WHAT YOU NEED TO DO –
In your copy, each line below is repeated exactly and no image appears.

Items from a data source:
+++++
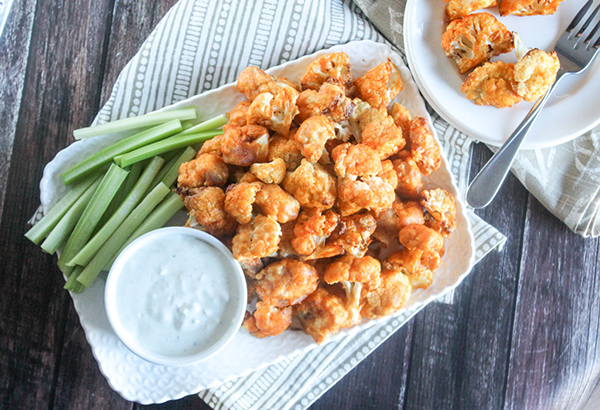 buffalo cauliflower bites on a tray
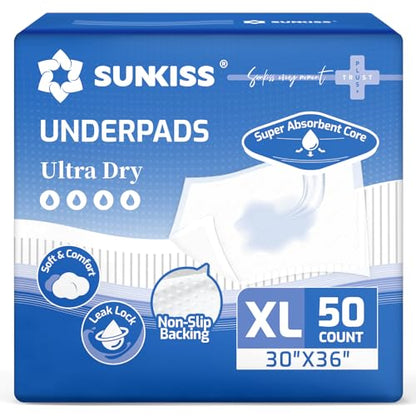 SUNKISS Disposable Bed Pads 30" x 36", Super Absorbent Pee Pads, 50 Count - size: 30" x 36"(50 Count)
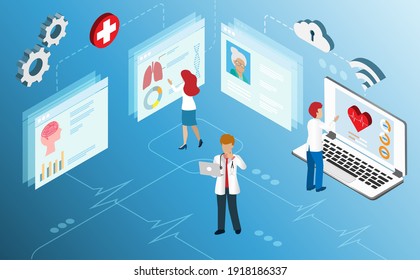 Doctor Diagnosis Of Elderly Patient Using Isometric Medical Records From Online Clouds Computing Data Center. Idea For Research And Development Innovation In Medical And Healthcare Concept. Isometric.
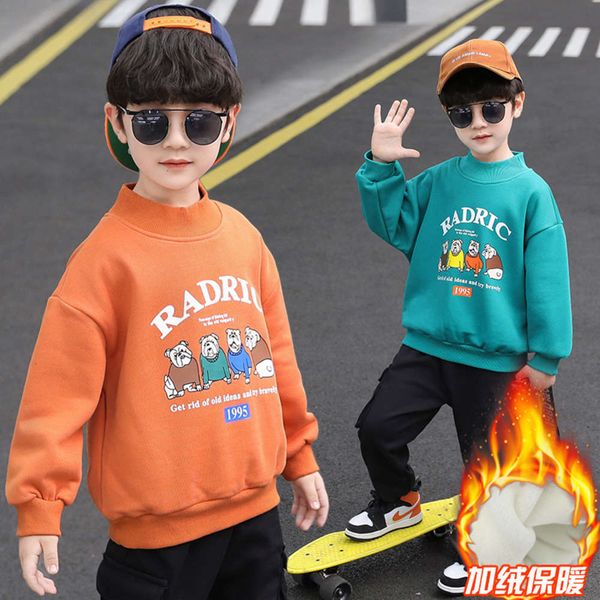 

wool liner korean winter pullover cotton men's letter children's sweater, Black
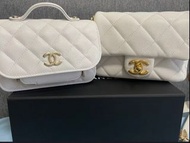 Chanel white caviar calfskin mini business affinity 迷你郵差包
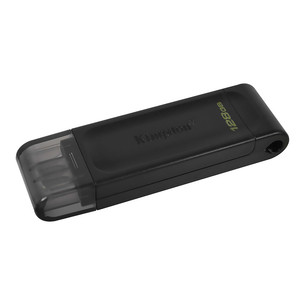 Kingston DataTraveler 70, USB-C, 128 GB, juoda - USB atmintinė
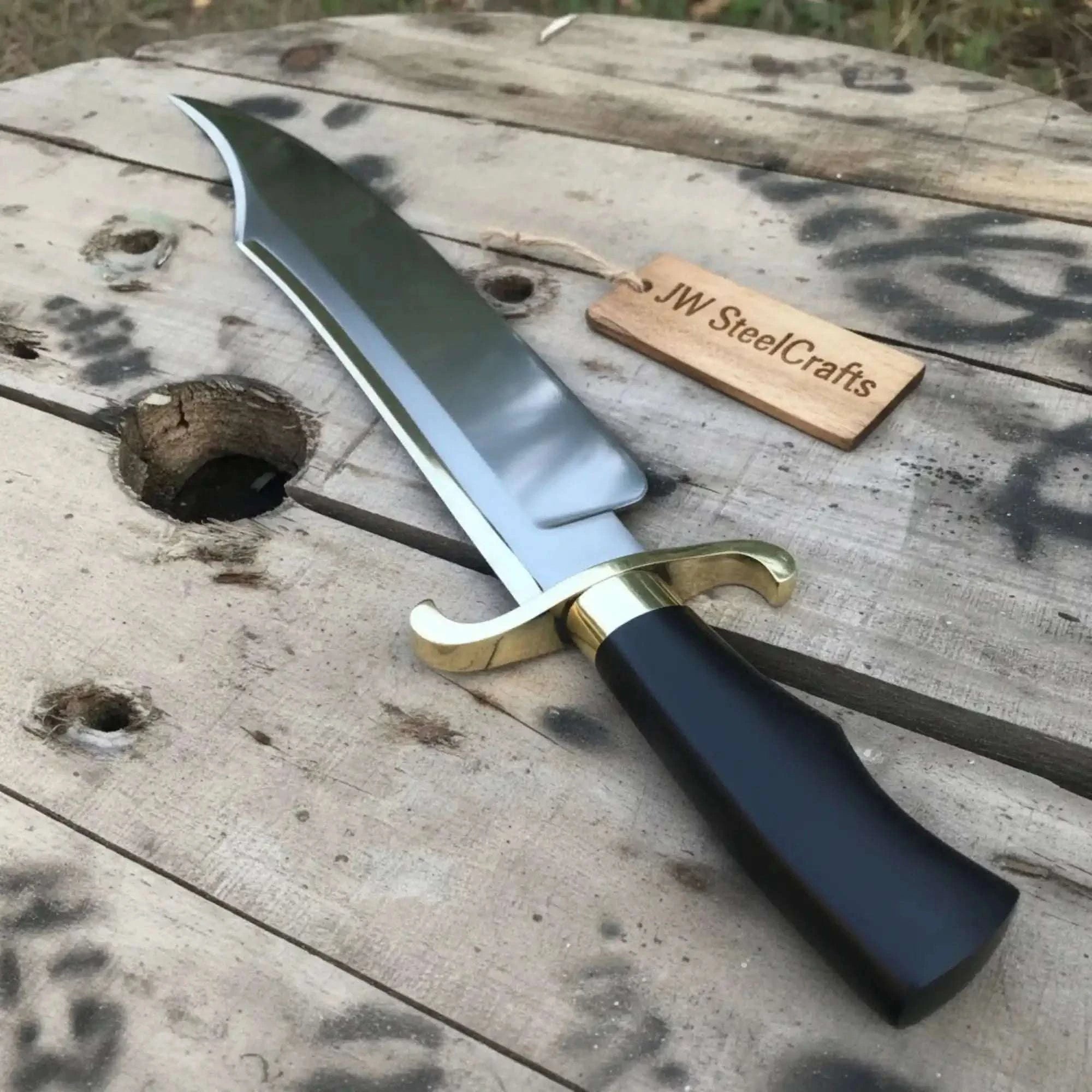 Palmarius Outdoors Carbon Steel 10-Inch Clip Point Bowie Knife — Black Handle, Brass S-Guard & Mirror Polished Blade Bowie Knife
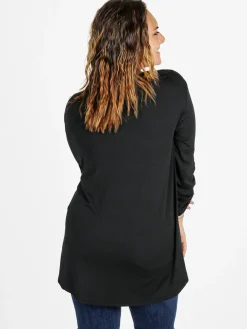 Solada Maxi t-shirt donna con strass - nero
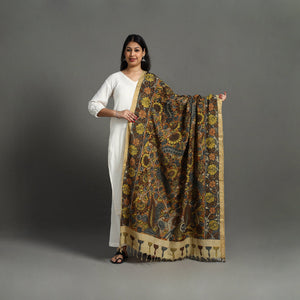 Brown - Mangalagiri Cotton Handpainted Pen Work Kalamkari Dupatta 23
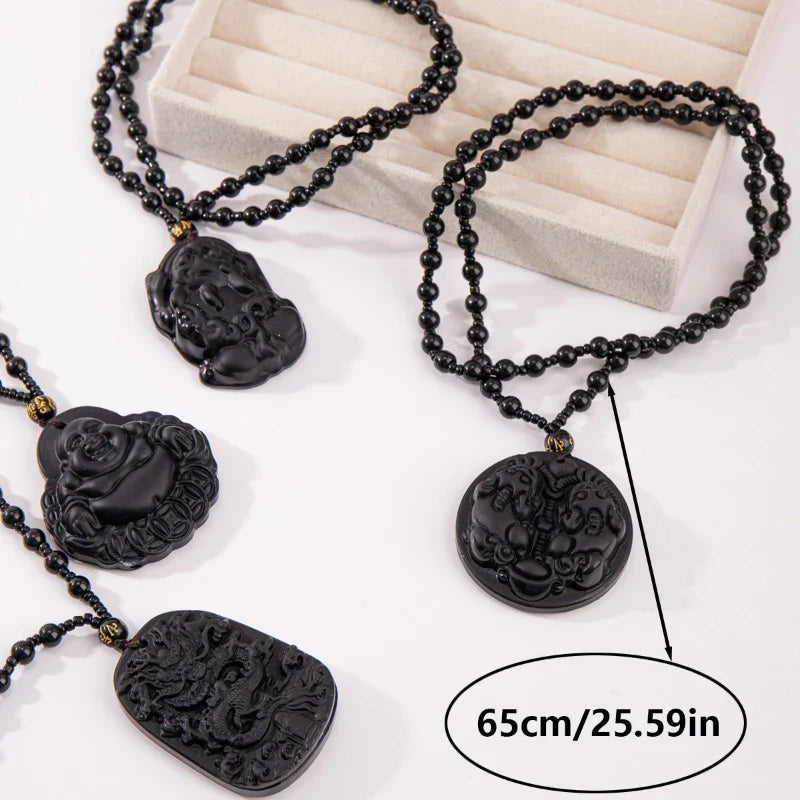 1Pcs Chinese Style Necklace Pendant Amulet Prayer Fortune Necklace Dragon Pixiu Happy Buddha Necklace Daily Jewelry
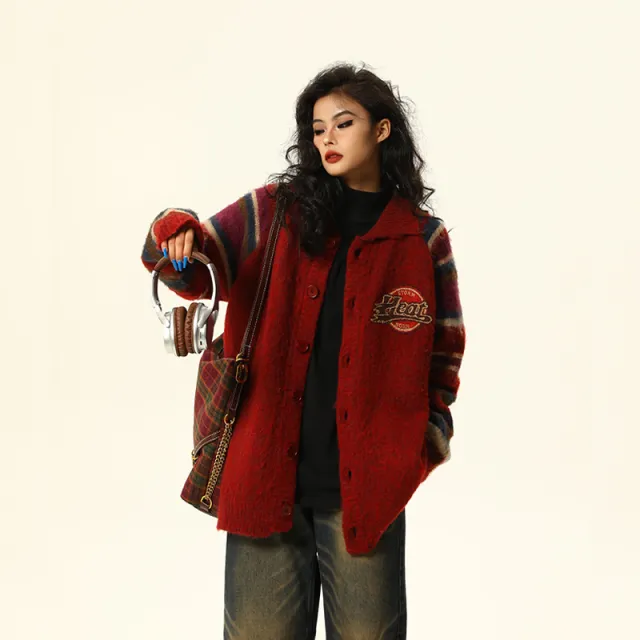 Retro Maillard Atmosphere Lazy Sweater Women Wine Red - Shop at LoveMi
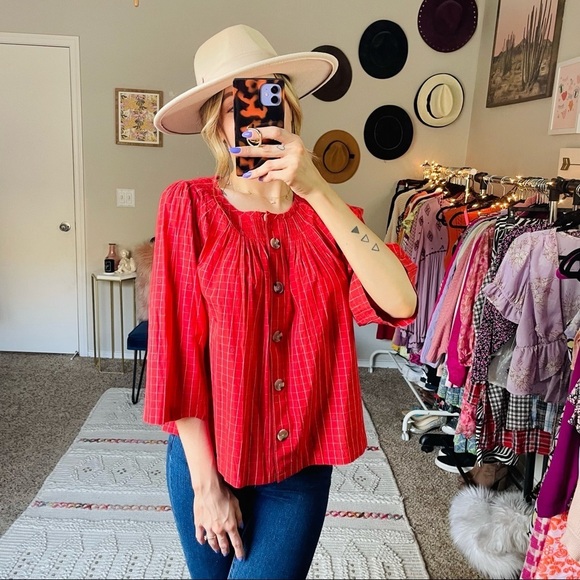 NEW Madewell Pintuck Swing Top in Windowpane Jacquard - Picture 6 of 10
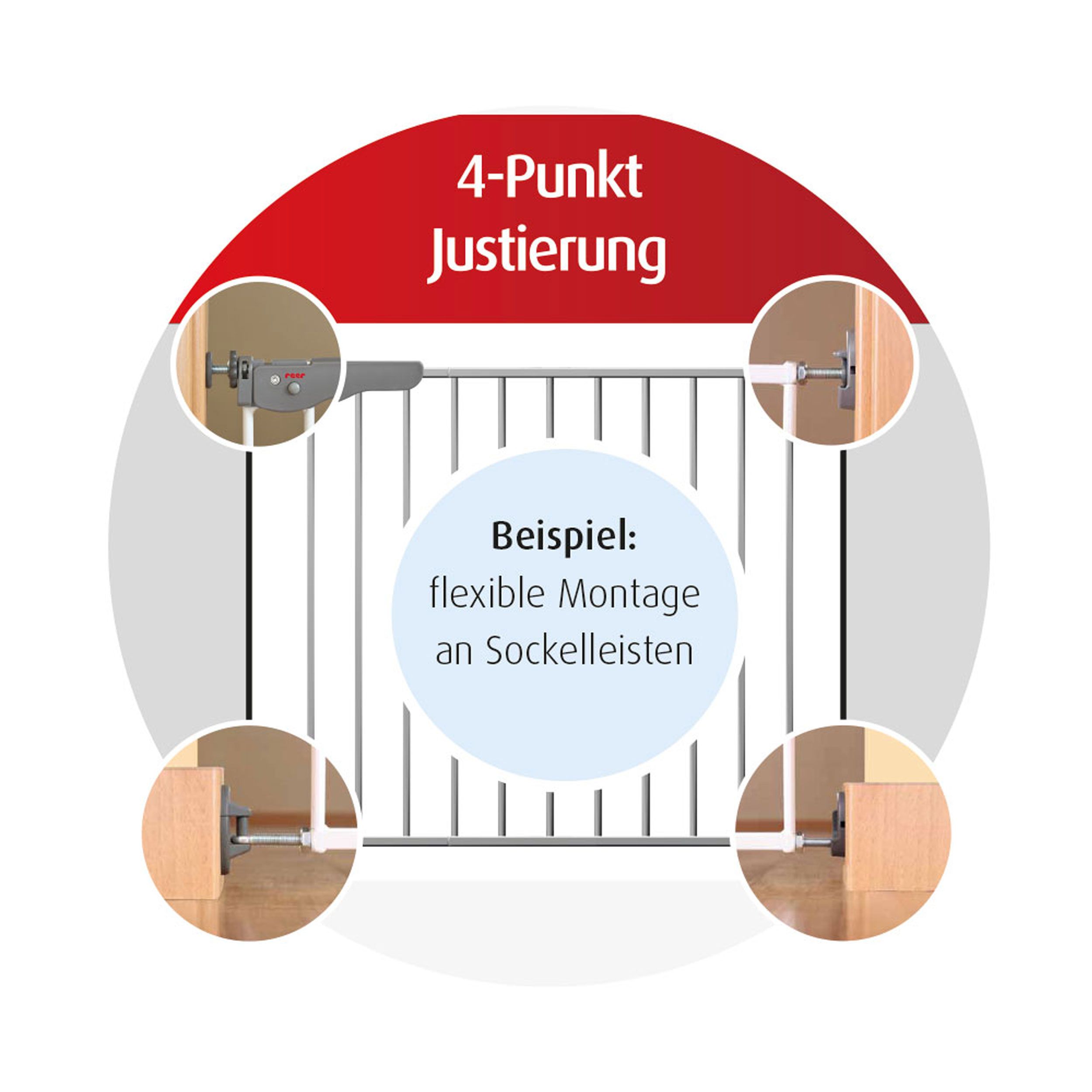 Beispiel für flexible Montage.  4-Punkt-Justierung.  Weißes Metallgitter mit grauen Elementen.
+++++
TASK ANSWER –
 buffalo cauliflower bites on a tray
 SUNKISS Disposable Bed Pads 30" x 36", Super Absorbent Pee Pads, 50 Count - size: 30" x 36"(50 Count)
 Doctor Diagnosis Of Elderly Patient Using Isometric Medical Records From Online Clouds Computing Data Center. Idea For Research And Development Innovation In Medical And Healthcare Concept. Isometric.

wool liner korean winter pullover cotton men's letter children's sweater, Black
 Chanel white caviar calfskin mini business affinity 迷你郵差包
 Kingston DataTraveler 70, USB-C, 128 GB, juoda - USB atmintinė
 Palmarius Outdoors Carbon Steel 10-Inch Clip Point Bowie Knife — Black Handle, Brass S-Guard & Mirror Polished Blade Bowie Knife
 Solada Maxi t-shirt donna con strass - nero
 Brown - Mangalagiri Cotton Handpainted Pen Work Kalamkari Dupatta 23
 1Pcs Chinese Style Necklace Pendant Amulet Prayer Fortune Necklace Dragon Pixiu Happy Buddha Necklace Daily Jewelry
 Retro Maillard Atmosphere Lazy Sweater Women Wine Red - Shop at LoveMi
 NEW Madewell Pintuck Swing Top in Windowpane Jacquard - Picture 6 of 10
 Beispiel für flexible Montage.  4-Punkt-Justierung.  Weißes Metallgitter mit grauen Elementen.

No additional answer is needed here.